Now, in connection with the facts set out in the last preceding paragraph, it is contended by appellant that, even though this testimony within itself and of its own force showed the superior title to be in appellees, yet nevertheless, under article 7749, R.S., it did not inure to the latter's benefit, and could not constitute evidence of their title, since they did not themselves introduce it, and since it was put in evidence only by appellant, and by her only, for the purpose of proving common source. It is provided, among other things, in article 7749, that proof of common source may be made by a plaintiff by certified copies of title papers, but that "such certified copies shall not be evidence of title in the defendant, unless offered in evidence by him," etc.
Resort must be had to the decisions to dissipate the apparent soundness of appellant's contention that the evidence introduced by her to show common source could not avail defendants below for any purpose, in view of the quoted provision of article 7749. Those decisions appear to be somewhat confused, and, if one or the other of them is not distinguishable, or honeycombed with dicta, the two leading cases upon the point are surely in conflict with each other. Ogden v. Bosse,86 Tex. 336, 24 S.W. 798; Simmons Co. v. Davis, 87 Tex. 146, 27 S.W. 62. We have concluded, however, that the weight of authority is against appellant's contention, for the more settled holding seems to be, in effect, first, that the plaintiff claiming under common source, as here, must make out a prima facie case, of course; second, that in order to make out a prima facie case he must not only show the common source, but must go further, and show that his title thereunder is superior to the title shown by such evidence to be in the defendant; and, third, that if from the evidence of common source introduced by plaintiff the defendant appears to have the superior title, then the plaintiff cannot stop, but must proceed further and show that the defendant's title thus exhibited, although apparently superior to that of plaintiff, is not, for proven reasons, so.
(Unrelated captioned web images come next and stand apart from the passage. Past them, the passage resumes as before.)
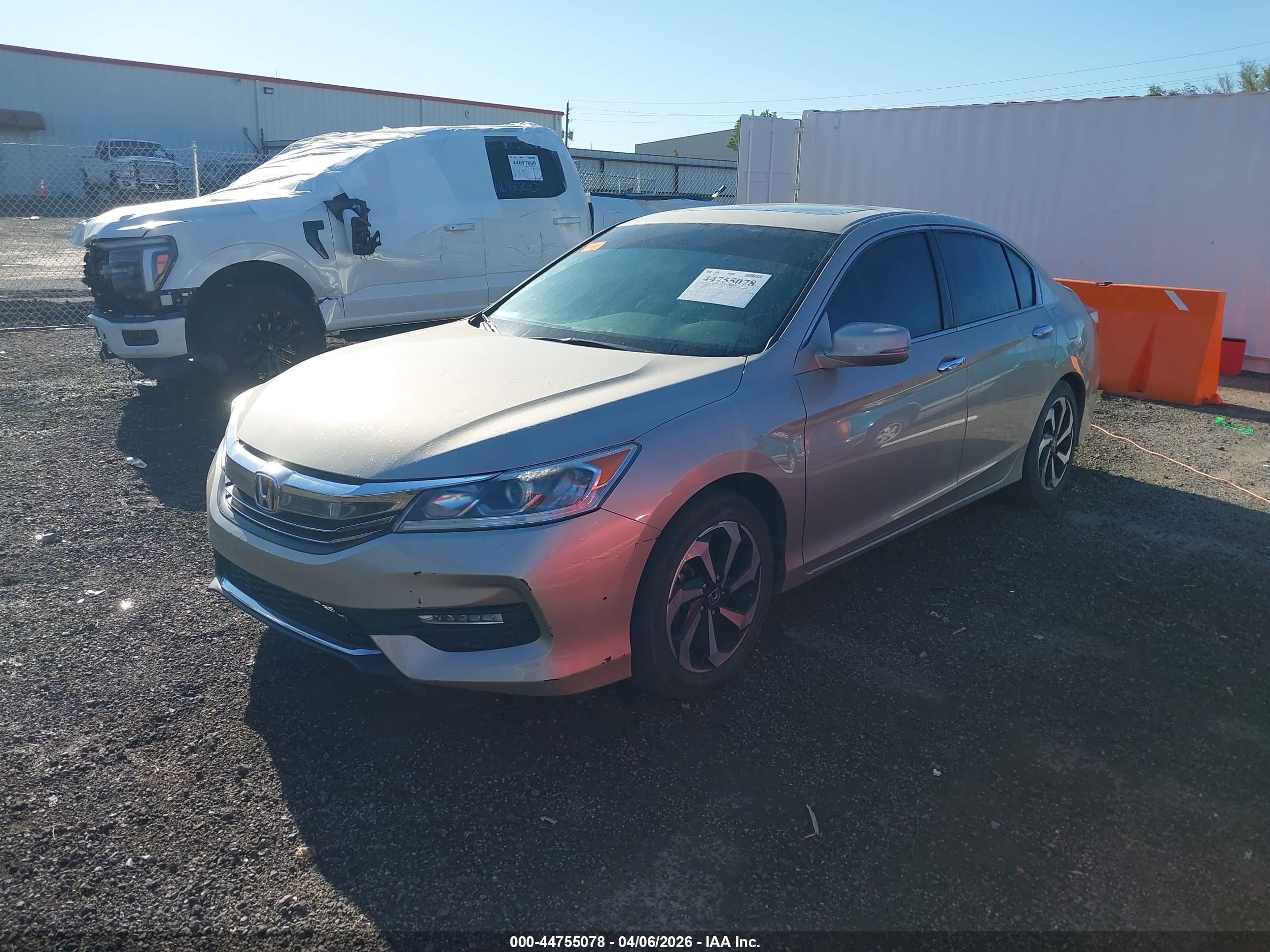 HONDA ACCORD image 2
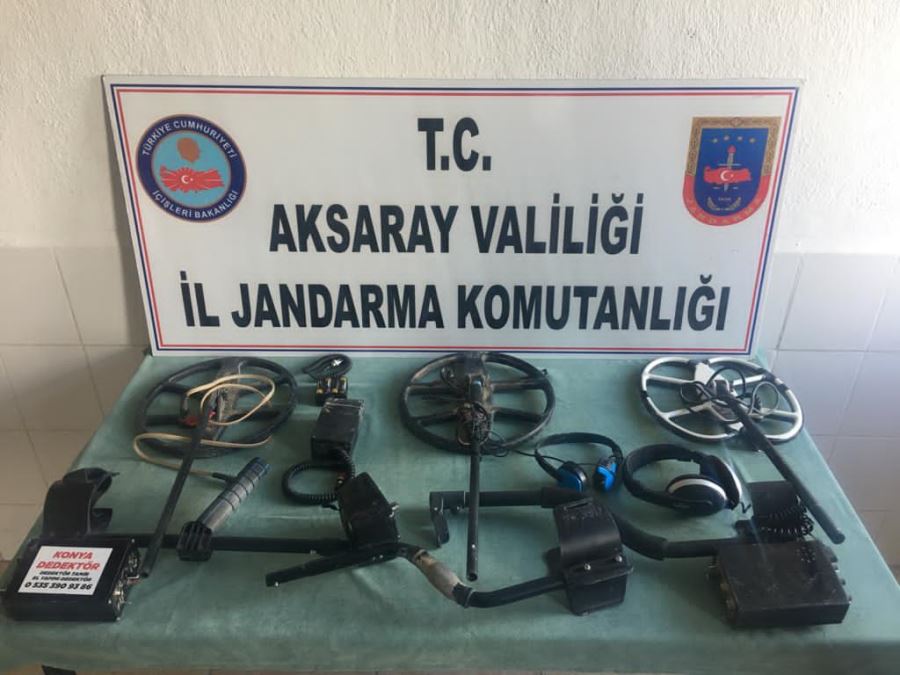 Eskil ilçesi Çukuryurt Köyünde izinsiz kaçak kazı ve cihazları ile yakalandı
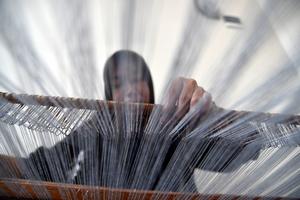 Limbah tandan sawit menjadi bahan baku fesyen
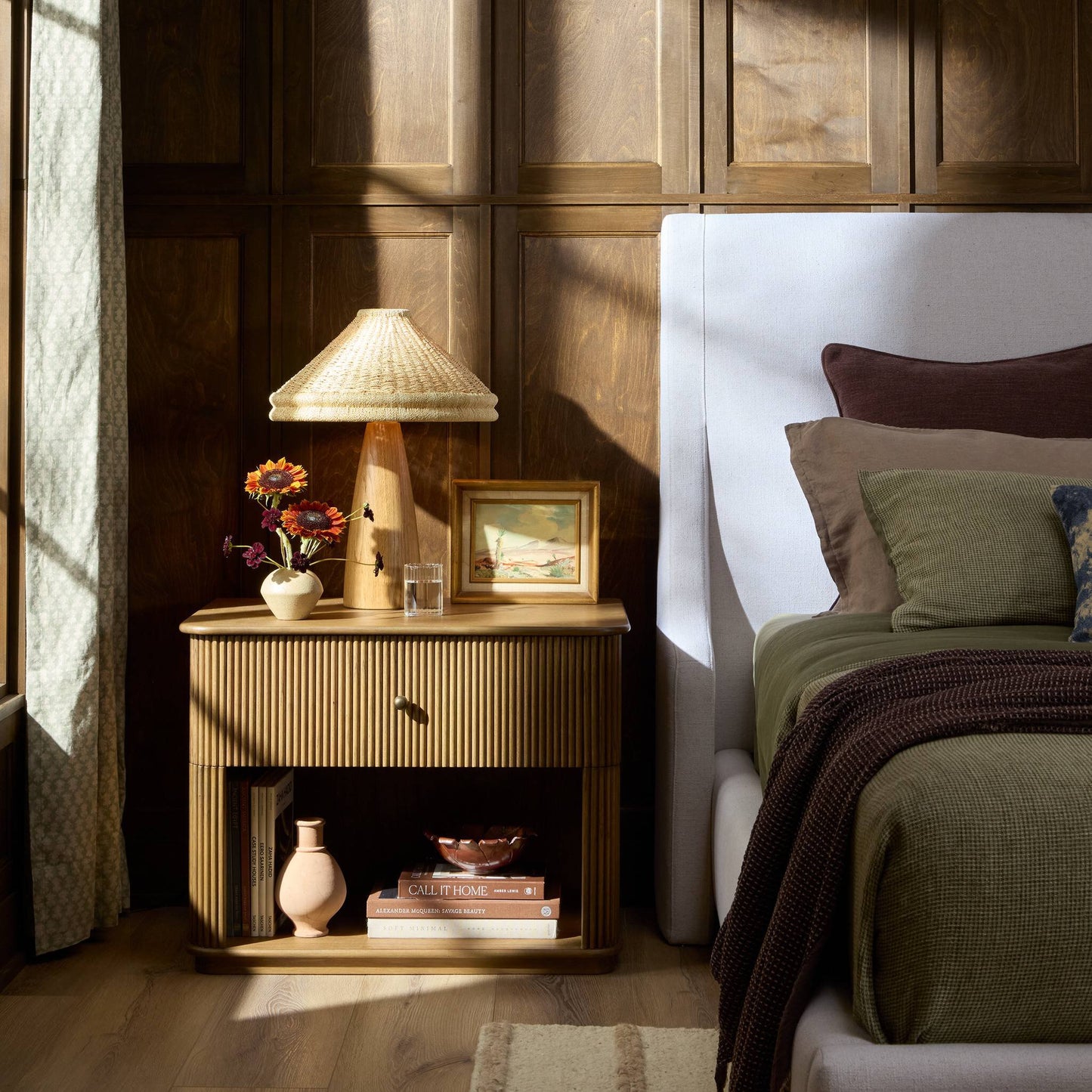 Ona Nightstand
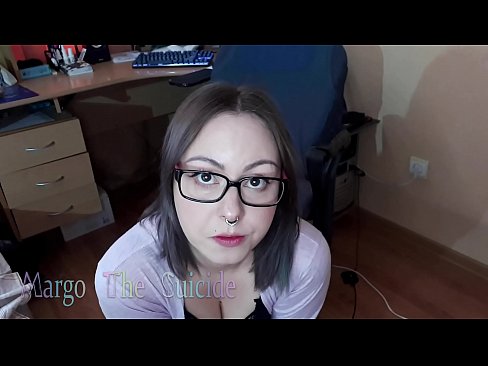 ❤️ Seksi dekle z očali globoko sesa dildo pred kamero ☑ Šukanje pri nas ❌❤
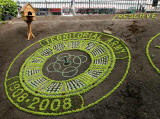 Princes Street Gardens  -  Floral Clock, 2008  -  Clock being planted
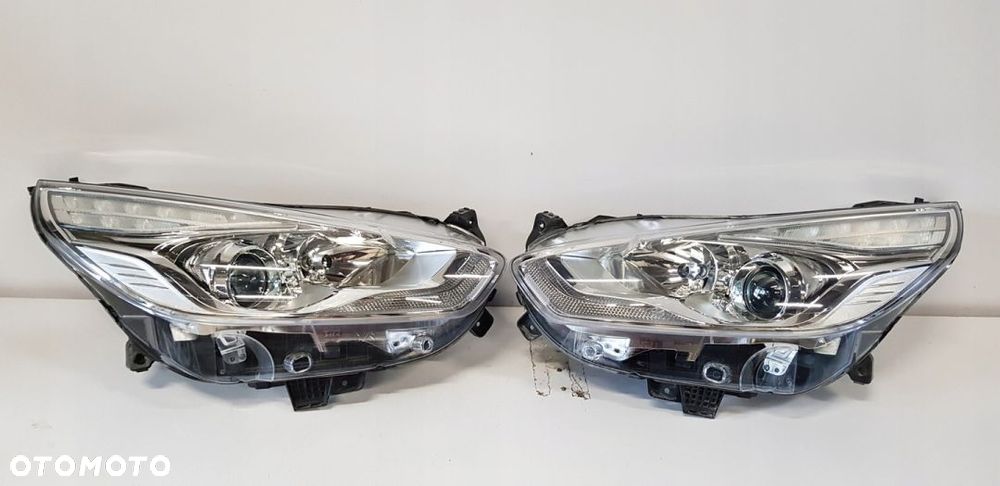 Lampa przód prawa lewa Ford S Max MK2 JASNA LED - 1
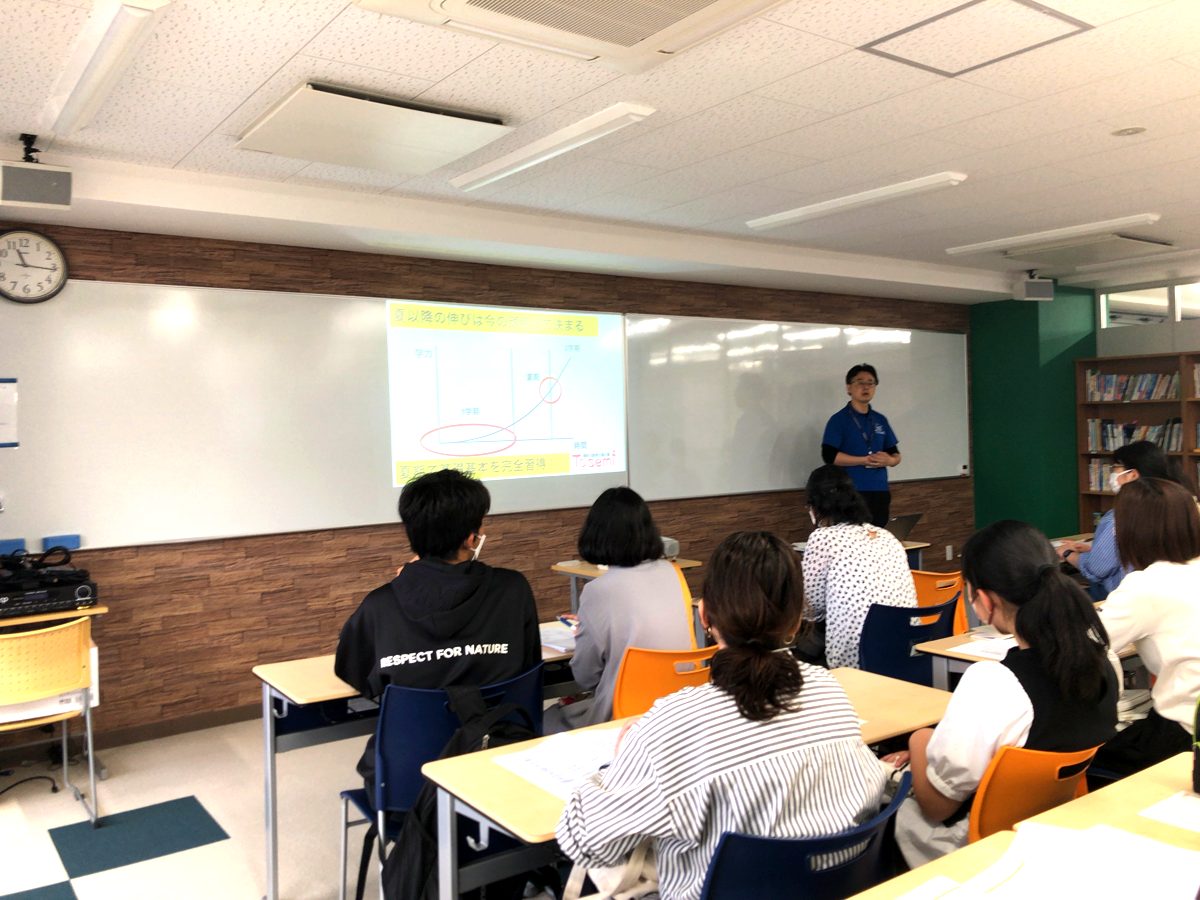 教室で行った講演の様子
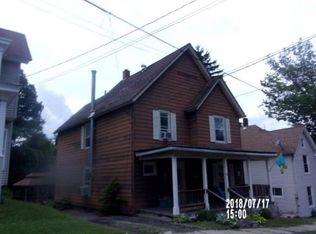 64 Montgomery St, Gloversville, NY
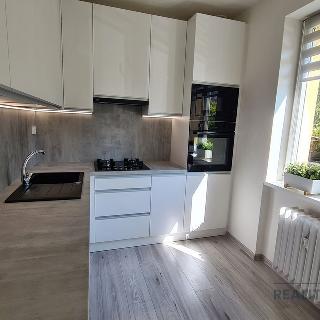 Prodej bytu 3+1 66 m² Třinec, Štefánikova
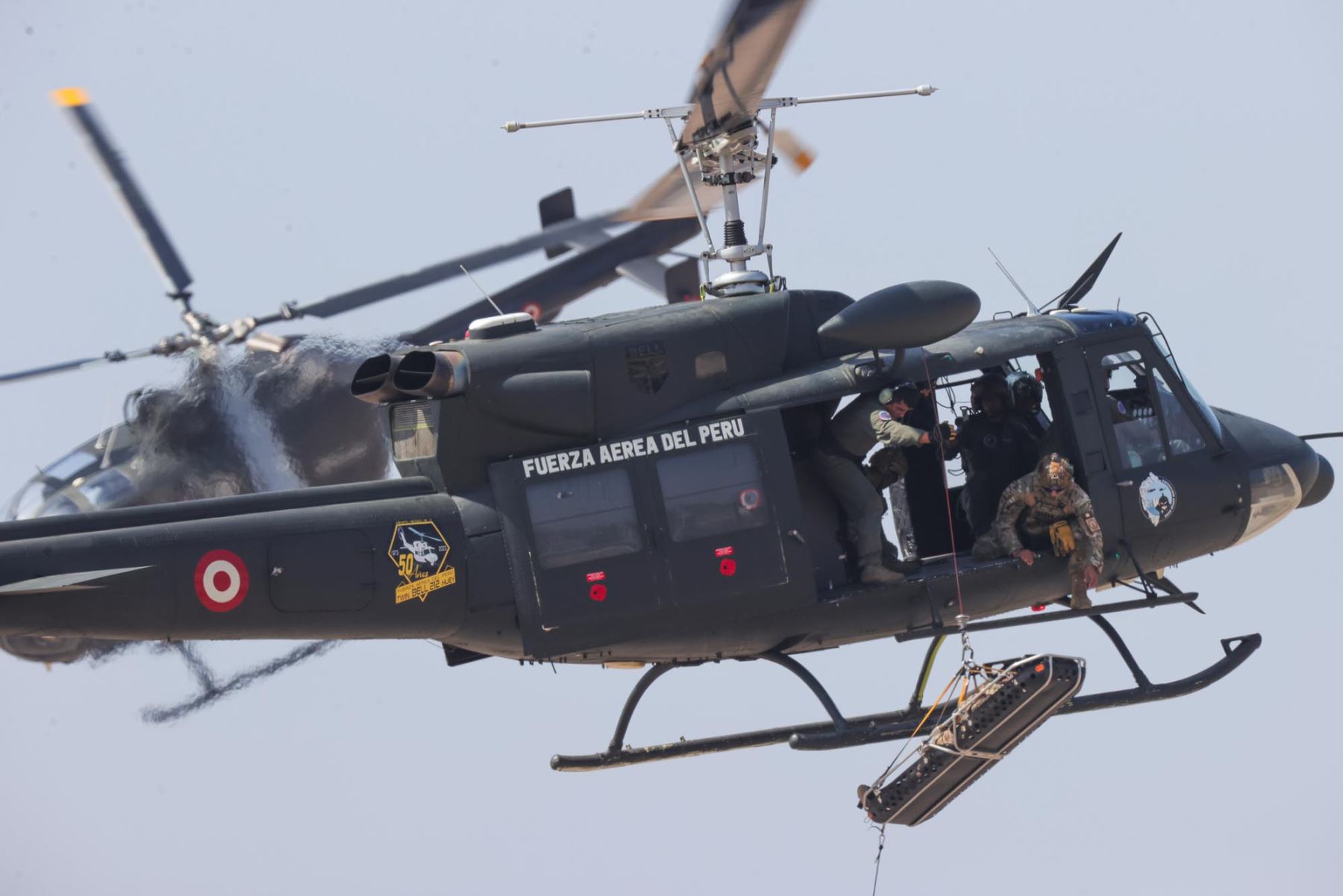 1.	
Helicópteros de la Fuerza Aérea del Perú realizan maniobras de rescate aéreo durante el XVIII Festival Aéreo BALP 2026.  Foto: ANDINA / Carlos Américo Lezama Villantoy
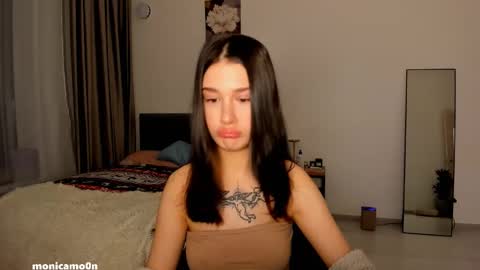 Snapshot of ssash1mii chatting on 02/06/25, 10:32 Hey guys i miss you so much online show from 02/06/25, 10:32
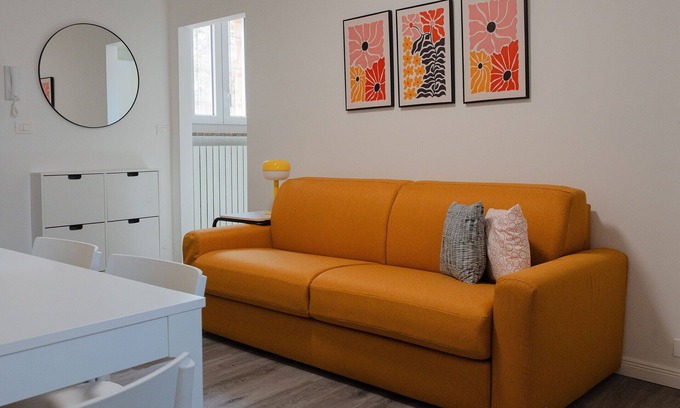 Pavia Apartment | Beautiful apartment for 4 people with WIFI, A/C and TV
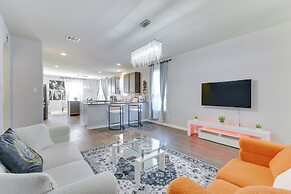 Fenced Yard & Gas Grill: Spacious Home in Richmond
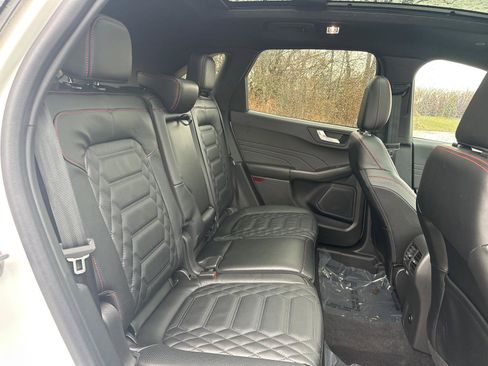 Used 2023 Ford Escape ST-Line Elite w/ Premium Technology Package image 24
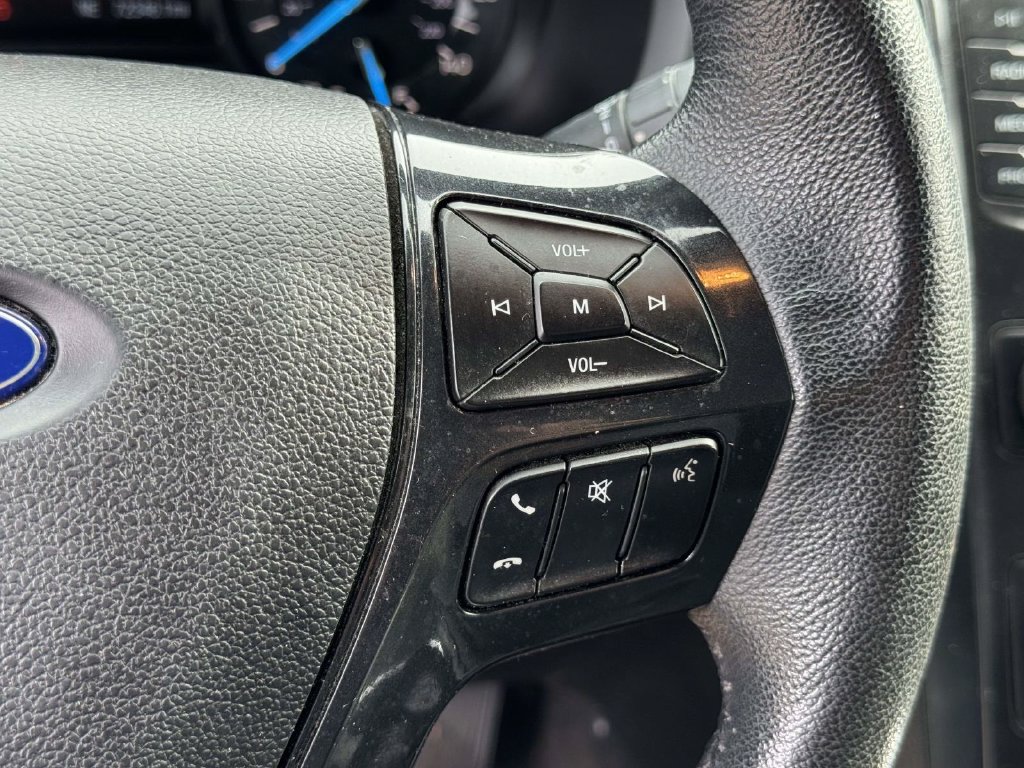 Used 2018 Ford Explorer XLT FWD image 12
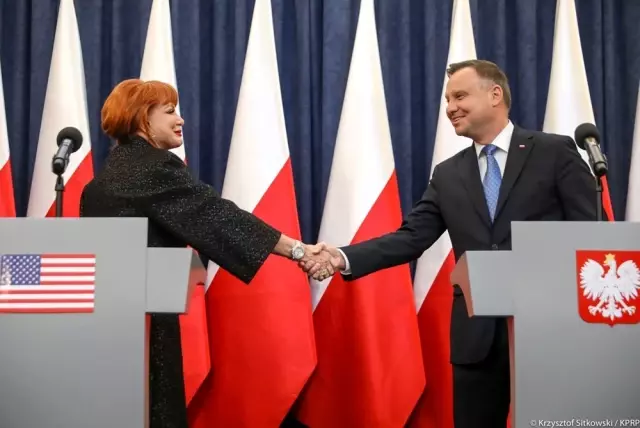 ABD, Polonya'ya vizeyi kaldırdı ABD, Polonya'ya vizeyi kaldırdı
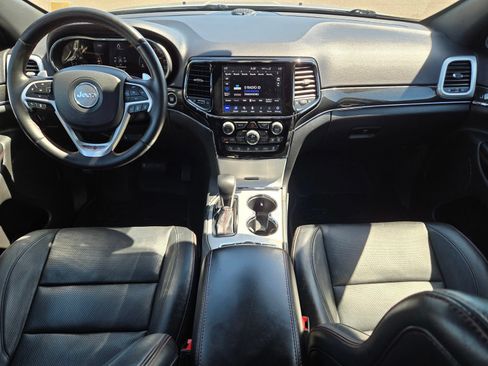 Used 2020 Jeep Grand Cherokee Trailhawk w/ Trailhawk Luxury Group AWD/4WD image 17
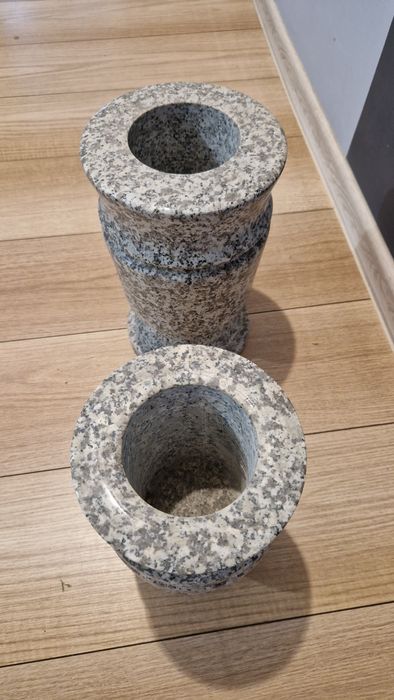 Wazony z granitu strzegom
Simmons Co. v. Davis, supra; Rice v. Railway, 87 Tex. 90,26 S.W. 1047, 47 Am. St. Rep. 72; Keys v. Mason, 44 Tex. 140; Sebastian v. Martin Co., 75 Tex. 291, 12 S.W. 986. Appellant *Page 862 fell short of these requirements, for, in proving the common source, she put in evidence testimony which of its own force showed the defendants' title to be superior to hers, and rested her case while it was in that status.
If the testimony offered by plaintiff below to show common source had within itself shown her title to be superior to that of the defendants there, then it would have forced the latter to become the actors, and, in order to prevail, to not only supply the hiatus left in their title as shown by plaintiff's evidence, but to go further and in their own behalf affirmatively introduce the very testimony already put in evidence by plaintiff and necessary to establish their claim of superiority.
But, so long as the plaintiff's evidence, within itself, and tested only by its own elements, showed the superior title to be in defendants, as was the case here, the plaintiff was in default of proof. She had not earned a favorable judgment, and in such situation the court properly directed a verdict against her.
The judgment is affirmed.
COBBS, J., being disqualified, did not sit during the hearing of this case.